Biomolecules and Biomedicine
- Discipline: Medicine
- Language: English
- Edited by: Semir Vranić, Nicolai J. Wewer Albrechtsen

Publication details
- Former name: Bosnian Journal of Basic Medical Sciences
- History: 1998–present
- Publisher: Association of Basic Medical Sciences of Federation of Bosnia and Herzegovina (Bosnia and Herzegovina)
- Frequency: Monthly
- Open access: Yes
- License: CC BY
- Impact factor: 2.2 (2024)

Standard abbreviations
- ISO 4: Biomol. Biomed.

Indexing
- ISSN: 2831-0896 (print) 2831-090X (web)
- OCLC no.: 1402523140
- Bosnian Journal of Basic Medical Sciences
- ISSN: 1512-8601 (print) 1840-4812 (web)
- OCLC no.: 609707140

Links
- Journal homepage; Online access; Online archive;

= Biomolecules and Biomedicine =

Biomolecules and Biomedicine is a monthly peer-reviewed open-access medical journal published by the Association of Basic Medical Sciences of Federation of Bosnia and Herzegovina. The journal covers research across the spectrum of pre-clinical studies, translational medicine, and clinical research. It was established in 1998 as the Bosnian Journal of Basic Medical Sciences, obtaining its current name in 2023.
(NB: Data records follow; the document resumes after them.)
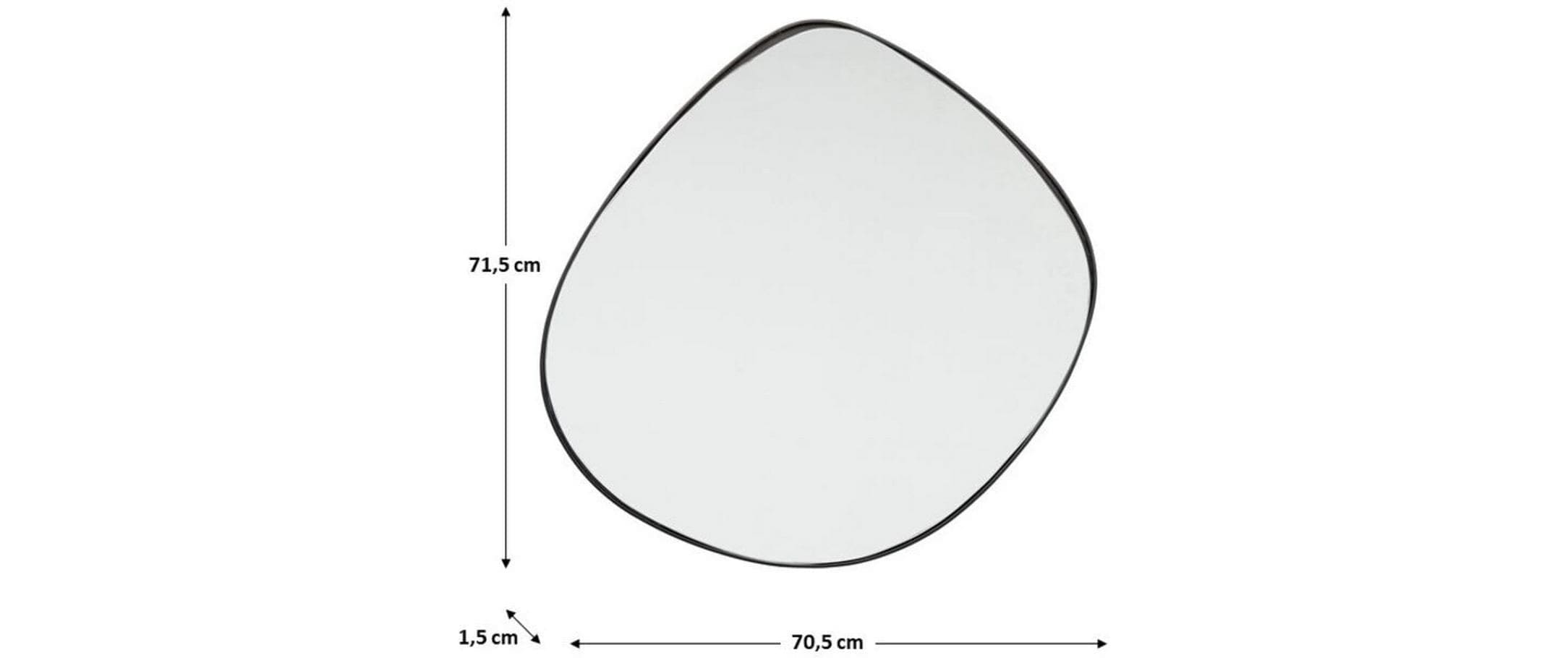 Kare Design Spiegel »Göteborg«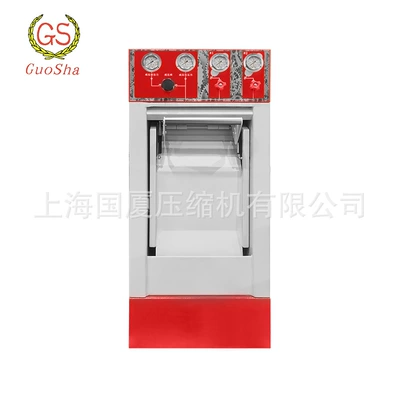 Guoxia Explosion-Proof Inflatable Box, One-Charging-Two-Piston Air Compressor, Low-Noise, Fully Automatic Mining Air Pump (Hava kompressorları) - explosion-proof-inflatable-boxone-charge-two-deposit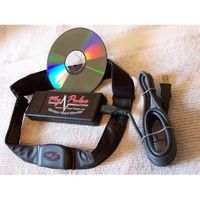 MyPulse professional wireless short range real time chart heart monitor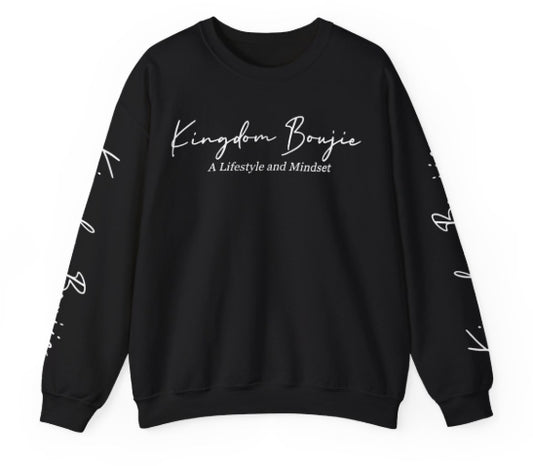 Kingdom Boujie Luxury Signature Crewneck Sweatshirt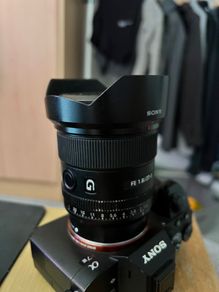 Sony FE20mm F1.8 G Lens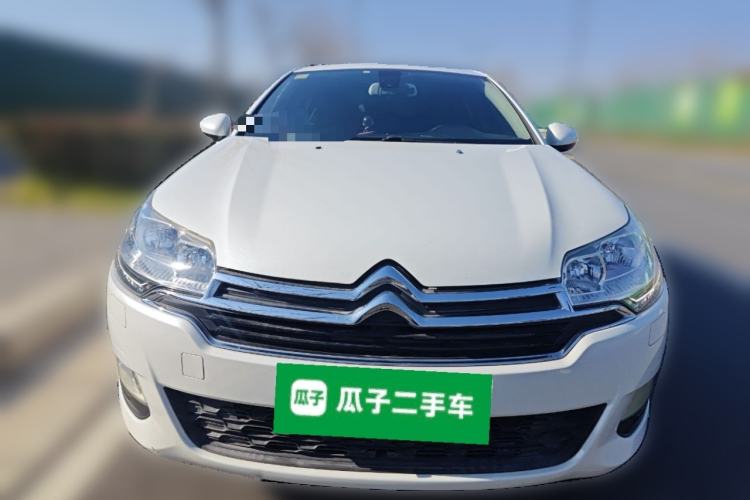 Used Citroen C5 2014 2.0L Automatic Luxury Edition Front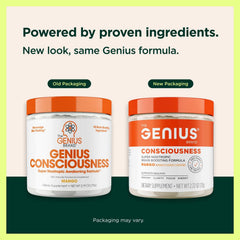 Genius Consciousness mango serving scoop demonstrates easy portions for consistent use.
==Abstracting and indexing==
The journal is abstracted and indexed in:
- CAB Abstracts
- Directory of Open Access Journals
- EBSCO databases
- Embase
- Index Medicus/MEDLINE/PubMed
- Science Citation Index Expanded
- Scopus
According to the Journal Citation Reports, the journal has a 2024 impact factor of 2.2. This figure reflects citations to articles published in 2023. In contrast, the journal still maintains an impact factor of 3.1 for citations to articles published in 2022 under the title BJBMS. The unofficial combined average impact factor for 2024 is 2.8.